In my Flow class recently we played a game around the tones and timbres of the oboe. Each of us played a scale and asked the others to identify it. You win if the other person can’t identify your scale, they win if they can.
This game is possible not because all oboists have perfect pitch – we don’t – but because the instrument has a characteristic color and quality to each note that is predictable across nearly every make and model.
The way the notes start and stop, the way they sound, and the way they react to the air is unmistakable.
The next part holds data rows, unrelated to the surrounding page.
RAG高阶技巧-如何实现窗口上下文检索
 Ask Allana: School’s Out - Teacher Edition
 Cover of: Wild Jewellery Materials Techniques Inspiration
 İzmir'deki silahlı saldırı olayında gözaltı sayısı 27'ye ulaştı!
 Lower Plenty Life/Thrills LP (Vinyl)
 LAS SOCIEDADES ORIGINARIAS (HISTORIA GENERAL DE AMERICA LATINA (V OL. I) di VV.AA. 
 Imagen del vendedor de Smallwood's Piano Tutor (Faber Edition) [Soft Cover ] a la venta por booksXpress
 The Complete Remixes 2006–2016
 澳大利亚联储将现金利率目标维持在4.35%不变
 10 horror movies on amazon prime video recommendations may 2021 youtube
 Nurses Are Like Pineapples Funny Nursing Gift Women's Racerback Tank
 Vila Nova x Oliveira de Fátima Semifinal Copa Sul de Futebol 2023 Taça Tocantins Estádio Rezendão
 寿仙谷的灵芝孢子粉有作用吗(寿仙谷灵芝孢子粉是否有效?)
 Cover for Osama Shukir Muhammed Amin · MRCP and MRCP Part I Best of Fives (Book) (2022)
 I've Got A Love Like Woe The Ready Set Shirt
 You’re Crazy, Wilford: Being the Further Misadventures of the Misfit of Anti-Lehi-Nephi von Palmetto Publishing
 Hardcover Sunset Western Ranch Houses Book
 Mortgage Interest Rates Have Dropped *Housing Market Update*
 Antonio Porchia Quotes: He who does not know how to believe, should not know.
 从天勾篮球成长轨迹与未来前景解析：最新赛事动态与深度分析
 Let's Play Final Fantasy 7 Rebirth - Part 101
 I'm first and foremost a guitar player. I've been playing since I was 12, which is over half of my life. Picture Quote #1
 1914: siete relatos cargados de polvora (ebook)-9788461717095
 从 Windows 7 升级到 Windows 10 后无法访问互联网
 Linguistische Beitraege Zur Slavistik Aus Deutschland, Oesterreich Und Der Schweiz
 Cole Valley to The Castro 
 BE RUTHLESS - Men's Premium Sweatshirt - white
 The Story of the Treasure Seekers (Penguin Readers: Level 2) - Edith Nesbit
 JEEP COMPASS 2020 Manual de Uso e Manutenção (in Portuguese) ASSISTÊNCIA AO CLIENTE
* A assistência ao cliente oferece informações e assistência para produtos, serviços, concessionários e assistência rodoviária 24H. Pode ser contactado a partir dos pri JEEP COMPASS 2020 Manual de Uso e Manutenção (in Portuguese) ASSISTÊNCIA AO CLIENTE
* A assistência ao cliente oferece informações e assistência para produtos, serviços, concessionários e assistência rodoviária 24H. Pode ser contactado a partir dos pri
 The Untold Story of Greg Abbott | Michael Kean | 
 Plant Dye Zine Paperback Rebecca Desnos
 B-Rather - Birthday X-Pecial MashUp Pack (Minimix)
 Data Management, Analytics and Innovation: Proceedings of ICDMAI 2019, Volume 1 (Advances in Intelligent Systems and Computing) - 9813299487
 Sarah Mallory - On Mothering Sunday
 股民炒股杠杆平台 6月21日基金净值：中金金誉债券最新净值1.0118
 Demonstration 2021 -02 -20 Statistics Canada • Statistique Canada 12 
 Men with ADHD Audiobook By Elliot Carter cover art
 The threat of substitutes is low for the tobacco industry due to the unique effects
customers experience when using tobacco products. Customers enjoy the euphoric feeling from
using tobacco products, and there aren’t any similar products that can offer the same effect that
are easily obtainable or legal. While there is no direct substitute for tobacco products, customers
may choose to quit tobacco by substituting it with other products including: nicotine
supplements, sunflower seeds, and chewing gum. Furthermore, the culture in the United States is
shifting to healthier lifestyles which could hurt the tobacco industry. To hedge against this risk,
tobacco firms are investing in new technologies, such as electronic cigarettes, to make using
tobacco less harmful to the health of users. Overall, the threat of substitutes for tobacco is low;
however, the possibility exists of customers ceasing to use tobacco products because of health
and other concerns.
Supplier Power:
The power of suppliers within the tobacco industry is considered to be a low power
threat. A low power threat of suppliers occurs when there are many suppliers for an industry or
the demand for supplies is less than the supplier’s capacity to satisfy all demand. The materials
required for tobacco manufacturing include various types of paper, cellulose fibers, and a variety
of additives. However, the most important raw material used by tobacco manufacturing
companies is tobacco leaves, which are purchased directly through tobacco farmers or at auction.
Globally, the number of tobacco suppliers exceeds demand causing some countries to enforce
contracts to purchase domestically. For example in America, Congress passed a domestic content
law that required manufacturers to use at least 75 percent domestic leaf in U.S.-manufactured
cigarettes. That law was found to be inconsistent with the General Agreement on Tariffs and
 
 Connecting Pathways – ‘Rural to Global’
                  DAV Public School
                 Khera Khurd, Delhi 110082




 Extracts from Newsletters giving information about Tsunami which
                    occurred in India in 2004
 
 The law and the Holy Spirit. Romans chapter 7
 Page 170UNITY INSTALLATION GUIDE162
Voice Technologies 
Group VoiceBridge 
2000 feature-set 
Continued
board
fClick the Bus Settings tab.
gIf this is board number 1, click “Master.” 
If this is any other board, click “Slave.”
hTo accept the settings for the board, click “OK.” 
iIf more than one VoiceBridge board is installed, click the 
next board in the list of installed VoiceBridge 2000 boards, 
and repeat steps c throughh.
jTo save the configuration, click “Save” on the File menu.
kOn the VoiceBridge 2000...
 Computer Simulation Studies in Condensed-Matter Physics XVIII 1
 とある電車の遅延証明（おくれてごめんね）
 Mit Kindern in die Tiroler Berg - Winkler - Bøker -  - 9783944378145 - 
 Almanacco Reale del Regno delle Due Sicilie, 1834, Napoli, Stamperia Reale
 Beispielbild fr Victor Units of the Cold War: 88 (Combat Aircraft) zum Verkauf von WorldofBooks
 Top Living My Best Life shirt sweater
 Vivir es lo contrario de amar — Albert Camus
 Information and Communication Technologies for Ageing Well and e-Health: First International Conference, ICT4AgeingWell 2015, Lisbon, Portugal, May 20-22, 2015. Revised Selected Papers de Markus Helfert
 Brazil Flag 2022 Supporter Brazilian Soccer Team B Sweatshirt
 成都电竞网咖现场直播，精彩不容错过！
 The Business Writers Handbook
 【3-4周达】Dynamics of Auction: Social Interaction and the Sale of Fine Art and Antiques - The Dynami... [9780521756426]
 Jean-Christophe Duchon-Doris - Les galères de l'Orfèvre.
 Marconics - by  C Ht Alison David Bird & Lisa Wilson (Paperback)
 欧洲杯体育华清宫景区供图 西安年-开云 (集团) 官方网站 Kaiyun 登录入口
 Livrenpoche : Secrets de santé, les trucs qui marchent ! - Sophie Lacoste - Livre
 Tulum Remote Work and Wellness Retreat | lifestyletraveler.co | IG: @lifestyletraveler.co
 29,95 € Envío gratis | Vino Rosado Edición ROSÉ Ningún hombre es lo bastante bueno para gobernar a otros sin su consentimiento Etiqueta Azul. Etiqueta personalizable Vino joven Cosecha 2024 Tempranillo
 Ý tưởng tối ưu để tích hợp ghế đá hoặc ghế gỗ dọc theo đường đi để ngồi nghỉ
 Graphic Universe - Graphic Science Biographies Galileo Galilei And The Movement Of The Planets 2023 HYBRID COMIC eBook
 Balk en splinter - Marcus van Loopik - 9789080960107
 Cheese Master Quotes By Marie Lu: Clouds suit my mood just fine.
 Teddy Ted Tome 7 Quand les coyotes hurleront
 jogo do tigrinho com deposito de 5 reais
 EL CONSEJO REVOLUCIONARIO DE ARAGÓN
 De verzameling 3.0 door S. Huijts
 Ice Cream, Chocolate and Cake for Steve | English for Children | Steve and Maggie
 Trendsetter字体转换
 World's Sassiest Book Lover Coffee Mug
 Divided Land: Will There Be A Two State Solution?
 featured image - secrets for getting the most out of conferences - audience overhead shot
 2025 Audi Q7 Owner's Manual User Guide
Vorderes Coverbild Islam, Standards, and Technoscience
If I hear an oboist string two or three notes together I can tell you exactly what they are.
So in our game I was trying to encourage my oboists to listen for those characteristics and be really familiar with them – AND to work to cover them up so the instrument sounds more consistent and even than it actually is.
When you know that a C tends to be thin and overly flexible, when you know that a C# tends to be stuffy and shallow, when you know that an F might be sharp but certainly will be loud – you can easily pinpoint the key a person is playing in. It deepens your understanding of the instrument and the music, and it can help you to notice, as a listener, when a piece modulates or when the composer makes a surprising choice.
More importantly, knowing those tendencies on your own instrument gives you the ability to proactively manage them. If you know that your high A is bright and sharp, you can preemptively voice it lower and darker. If you know that your low G is flat and honky, you can sweeten and warm it up to pitch, BEFORE you hear it, overreact to it, and force it to crumple.
In an ideal world, no one besides you knows that your high F# is unstable, because YOU take care of it yourself in advance. In an ideal world, all key signatures sound the same on the oboe because they are all equally easy for the player to manage.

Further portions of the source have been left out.